Determines whether the cluster was created by a user through the UI, created by the Databricks Jobs Scheduler, or through an API request.

custom_tags

Additional tags for cluster resources.

data_security_mode

Data security mode decides what data governance model to use when accessing data from a cluster.

docker_image

This field has no description yet.

driver_instance_pool_id

The optional ID of the instance pool for the driver of the cluster belongs.

driver_node_type_id

The node type of the Spark driver.

enable_elastic_disk

Autoscaling Local Storage: when enabled, this cluster will dynamically acquire additional disk space when its Spark workers are running low on disk space.

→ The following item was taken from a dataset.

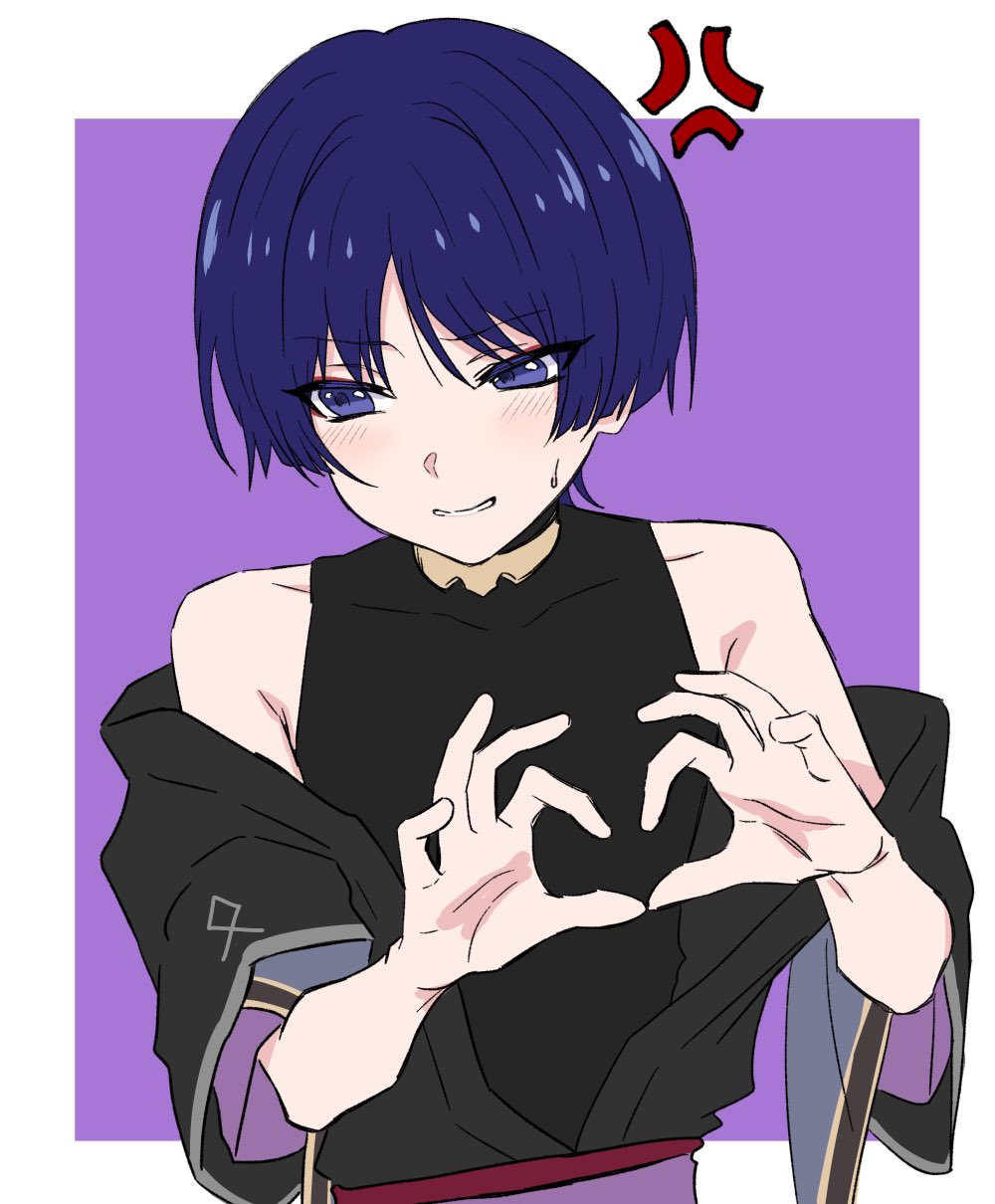 1boy, anger_vein, blush, eyeliner, genshin_impact, heart, heart_hands, highres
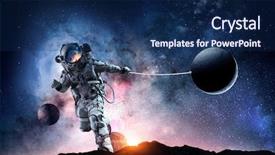  Presentation with media image - Cool new presentation theme with astral - fantasy image with spaceman catch backdrop and a navy blue colored foreground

enable_local_disk_encryption

Whether to enable LUKS on cluster VMs' local disks.

gcp_attributes

Attributes related to clusters running on Google Cloud Platform.

init_scripts

The configuration for storing init scripts.

instance_pool_id

The optional ID of the instance pool to which the cluster belongs.

node_type_id

This field encodes, through a single value, the resources available to each of the Spark nodes in this cluster.

num_workers

Number of worker nodes that this cluster should have.

policy_id

The ID of the cluster policy used to create the cluster if applicable.

runtime_engine

Decides which runtime engine to be use, e.g.

single_user_name

Single user name if data_security_mode is SINGLE_USER.

spark_conf

An object containing a set of optional, user-specified Spark configuration key-value pairs.

spark_env_vars

An object containing a set of optional, user-specified environment variable key-value pairs.

ssh_public_keys

SSH public key contents that will be added to each Spark node in this cluster.

workload_type

This field has no description yet.

timeout

Time to wait for the operation to complete in minutes.

callback

Function to report the status of the operation. By default, it reports to console.

Details

Creates a new Spark cluster. This method will acquire new instances from the cloud provider if necessary. Note: Databricks may not be able to acquire some of the requested nodes, due to cloud provider limitations (account limits, spot price, etc.) or transient network issues.

If Databricks acquires at least 85% of the requested on-demand nodes, cluster creation will succeed. Otherwise the cluster will terminate with an informative error message.